-- Provided records --
+-------+
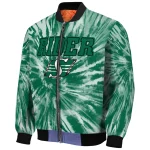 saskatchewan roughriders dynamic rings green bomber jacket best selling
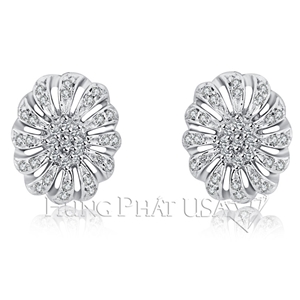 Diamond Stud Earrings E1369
+-------+
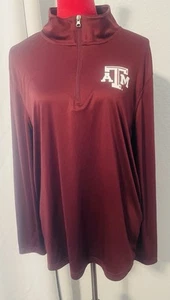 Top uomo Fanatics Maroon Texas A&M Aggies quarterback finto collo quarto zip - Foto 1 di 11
+-------+
-- Goal of the exercise --
In the listing above, find the line with "saskatchewan roughriders dynamic" and the line with "Diamond Stud Earrings E1369". Copy both of them and every line between, exactly, but not the pictures.

-- Result --
 saskatchewan roughriders dynamic rings green bomber jacket best selling
 Diamond Stud Earrings E1369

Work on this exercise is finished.